Adding the SQLite storage to Mwuki was (after actually installing the BBCode parser extension for PHP) one of the most time-consuming parts of writing the script, even though it uses up very very little code. Partly this is because I'm very new to SQL and always have to look stuff up when I try writing it (I forgot half of what I learnt the last time I used it), and partly because the PHP SQLite interface has really shitty error messages that were very little use to figuring out what I'd done wrong.
Not a lot I can do to address the latter, other than note that the "last error" string you get with the last_error() function, is the same as the main SQL warning message it prints for you on the webpage, and the error string, if you give the function one to fill in, is the same as the not-bolded part of the SQL warning message it prints. In other words, unless the script is going to interpret these messages directly (rather than giving them to you), they are completely redundant.
But this page is mostly here to address the former: info about using SQL and its synax. This will also mostly apply to MySQL when I get access to that. Except I think that is more strongly-typed than SQLite (not difficult, everything is...)
SQL Syntax
SQLite's SQL syntax page which is terribly hard to work with.
CREATE TABLE sometable (field [type] [, field[type]+]);
INSERT INTO sometable VALUES (fieldvalue, fieldvalue);
DELETE FROM sometable WHERE (selection expression);
SELECT (field(s) or * for row) FROM sometable WHERE (selection expression);
Selection expressions: If you want to match a field against a value, QUOTE THE VALUE, don't just escape it. Although you must of course escape it unless it's given as a literal, in order to avoid the risk of SQL Injection Attacks(TM).

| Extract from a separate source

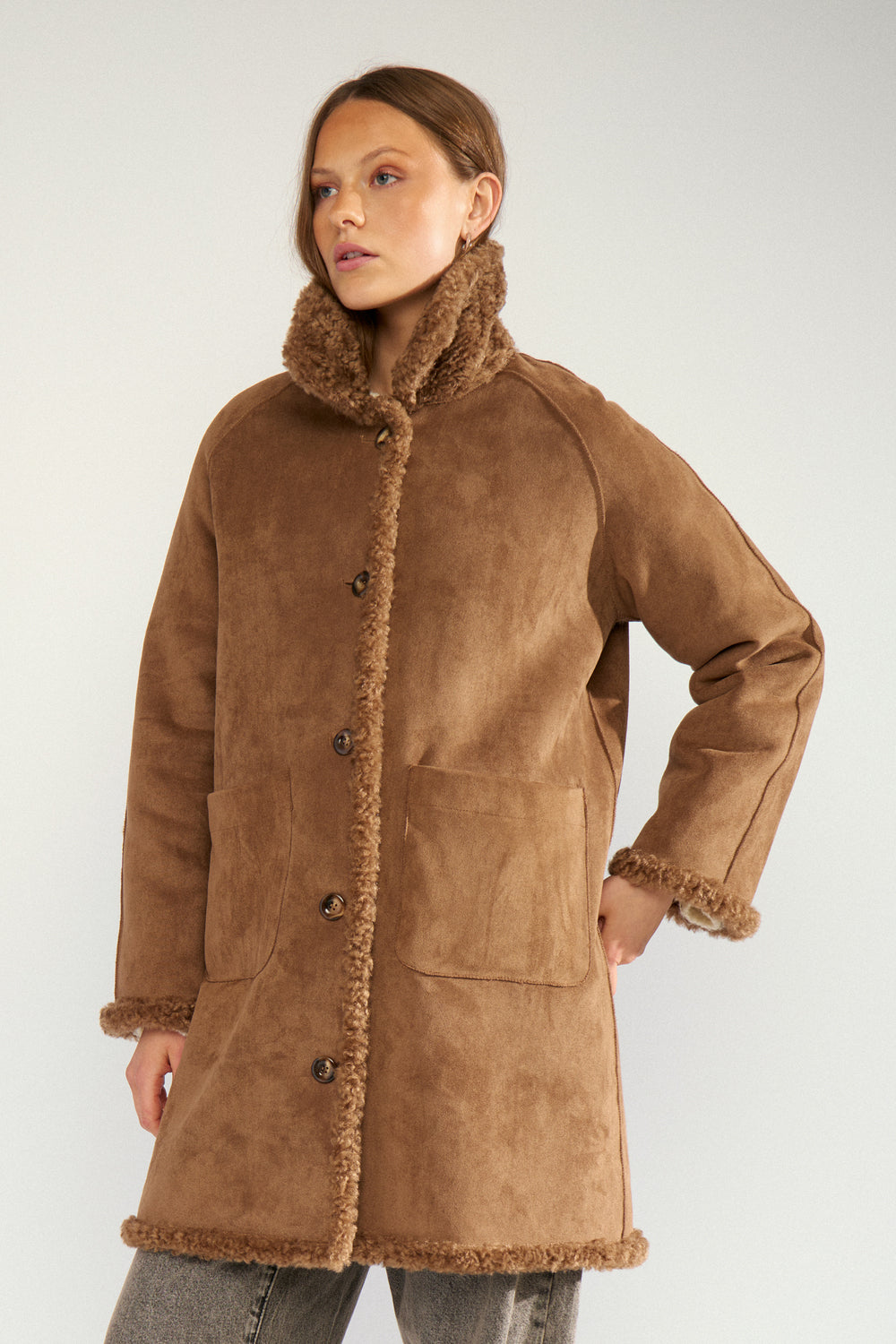 NuMinda reversible jakki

Hence: WHERE page='hamster page' uses quotes around the value
but WHERE money>sense would be appropriate for comparing different fields to each other, even though it does not use quotes.
record replacement
Record replacement in SQLite is awkward, because field identifiers are not normally unique, and if they are it seems to make everything a metric crapton slower. So I simply delete and then reinsert. I'm not sure if this is any improvement, it seems unlikely. I think the thing I had found was faster in the past, was simply dropping entire tables when refilling them from scratch. That may have been necessary for speed because there you'd be writing enormous amounts in one sitting, and each addition would be having to check against more and more items. Deletion would have to check against more items when rewriting a page in a fuller database, but you only do one page at a time there. So anyway I'm not sure that deleting one record and rewriting it is any different at all to doing insert-or-replace with unique fields, nor if it would be necessary to worry for one record.

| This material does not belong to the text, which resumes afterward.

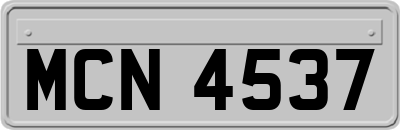 MCN4537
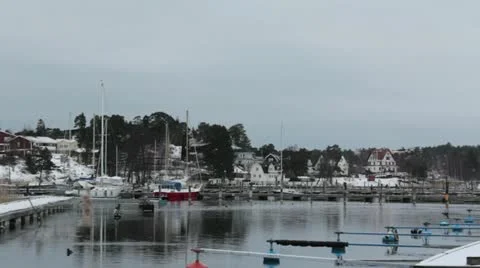 Nordic Countries Stock Footage 20434974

I wrote that some time ago now, and it looks rather as though I turn round and contradict myself. I don't really remember what the deal was there. As I say, I think I was referring to the thing I found in writing another SQLite-based script that had to do a lot of inserts to rebuild a table, and it was far, far faster to drop the whole table and restart it from scratch, than to make the keys unique (so that rows would be replaced).